7. The details of fact are not being given as only upon two grounds, the present appeal has been preferred. Rest of the fact are not in dispute, so this Court is not going in detail of the case. So far as issue of future prospect is concerned, the contention of the learned counsel for the appellant is not tenable, in view of the latest judgment, as reported in the case of New India Insurance Company Limited vs. Gajender Yadav and Ors. (2018) 11 SCC 630 . In the said judgment, the Apex Court, taking clue from Sarla Verma’s case, component of future prospect has been granted, while calculating compensation amount. In view of the above decision of the Apex Court, the contention raised by the appellant is not tenable and accordingly, the same is rejected. 8. So far monthly income, which has been taken as Rs. 5,000/- is concerned, it is admitted fact that the claimant was vegetable seller and cultivator. He has claimed income as Rs.6,000/- per month and in support of his claim, he has produced one oral witness namely, Rameshwar Mahto (C.W.3) but no documentary evidence has been produced. 9. Counsel for the appellant submits that in absence of any cogent evidence, the income of Rs.5,000/- which has been taken into consideration by the claim tribunal is excessive. 10. Counsel for the claimant has relied upon paragraph Nos.7, 8 and 10 of the judgment reported in the case of Syed Sadiq and Ors. vs. Divisional Manager, United India Insurance Company Limited (2014)2 SCC 735 , which are quoted herein below:- 7. Further, the appellant claims that he was working as a vegetable vendor. It is true that a vegetable vendor might not require mobility to the extent that he sells vegetables at one place. However, the occupation of vegetable vending is not confined to selling vegetables from a particular location. It rather involves procuring vegetables from the wholesale market or the farmers and then selling it off in the retail market. This often involves selling vegetables in the cart which requires 100% mobility. But even by conservative approach, if we presume that the vegetable vending by the appellant claimant involved selling vegetables from one place, the claimant would require assistance with his mobility in bringing vegetables to the marketplace which otherwise would be extremely difficult for him with an amputated leg.

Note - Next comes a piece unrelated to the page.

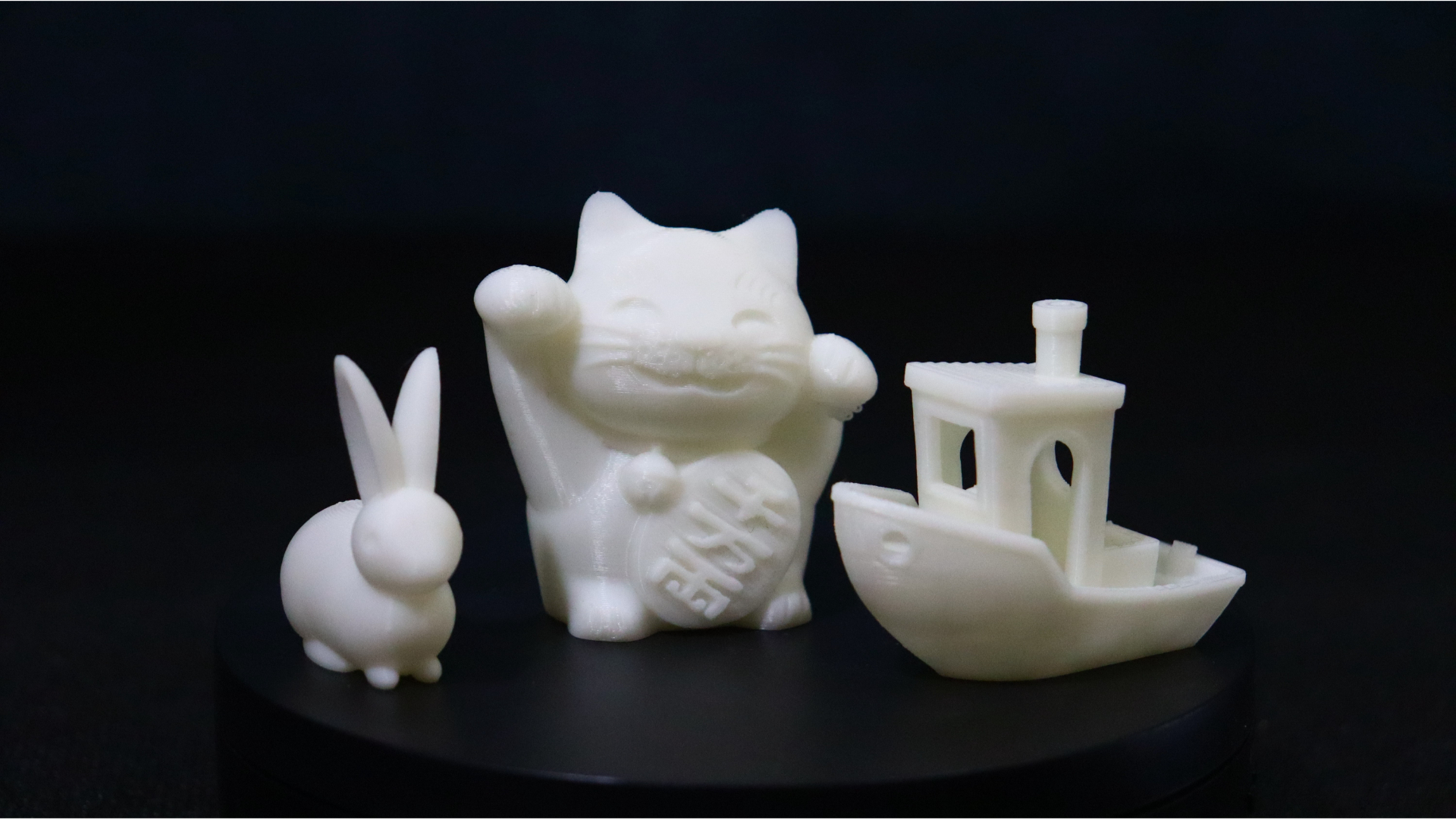 Three test prints from the Creality Ender 5 S1 - a rabbit, a lucky cat, and a benchy boat.
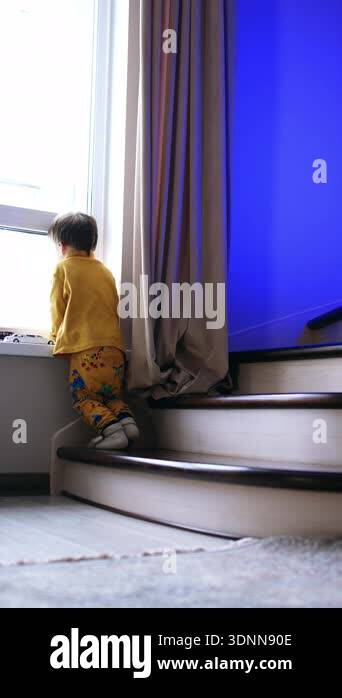 Rear view of a baby boy in yellow clothes standing near the window. Kid ...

This often involves selling vegetables in the cart which requires 100% mobility. But even by conservative approach, if we presume that the vegetable vending by the appellant claimant involved selling vegetables from one place, the claimant would require assistance with his mobility in bringing vegetables to the marketplace which otherwise would be extremely difficult for him with an amputated leg. We are required to be sensitive while dealing with manual labour cases where loss of limb is often equivalent to loss of livelihood. Yet, considering that the appellant claimant is still capable to fend for his livelihood once he is brought in the marketplace, we determine the disability at 85% to determine the loss of income. 8. The appellant claimant in his appeal further claimed that he had been earning Rs 10,000 p.m. by doing vegetable vending work. The High Court however, considered the loss of income at Rs 3500 p.m. considering that the claimant did not produce any document to establish his loss of income. It is difficult for us to convince ourselves as to how a labour involved in an unorganised sector doing his own business is expected to produce documents to prove his monthly income. In this regard, this Court, in Ramachandrappa v. Royal Sundaram Alliance Insurance Co. Ltd., has held as under: (SCC pp. 242-43, paras 13-15) “13. In the instant case, it is not in dispute that the appellant was aged about 35 years and was working as a coolie and was earning Rs 4500 per month at the time of the accident. This claim is reduced by the Tribunal to a sum of Rs 3000 only on the assumption that the wages of a labourer during the relevant period viz. in the year 2004, was Rs 100 per day. This assumption in our view has no basis. Before the Tribunal, though the Insurance Company was served, it did not choose to appear before the court nor did it repudiate the claim of the claimant. Therefore, there was no reason for the Tribunal to have reduced the claim of the claimant and determined the monthly earning to be a sum of Rs 3000 per month. Secondly, the appellant was working as a coolie and therefore, we cannot expect him to produce any documentary evidence to substantiate his claim.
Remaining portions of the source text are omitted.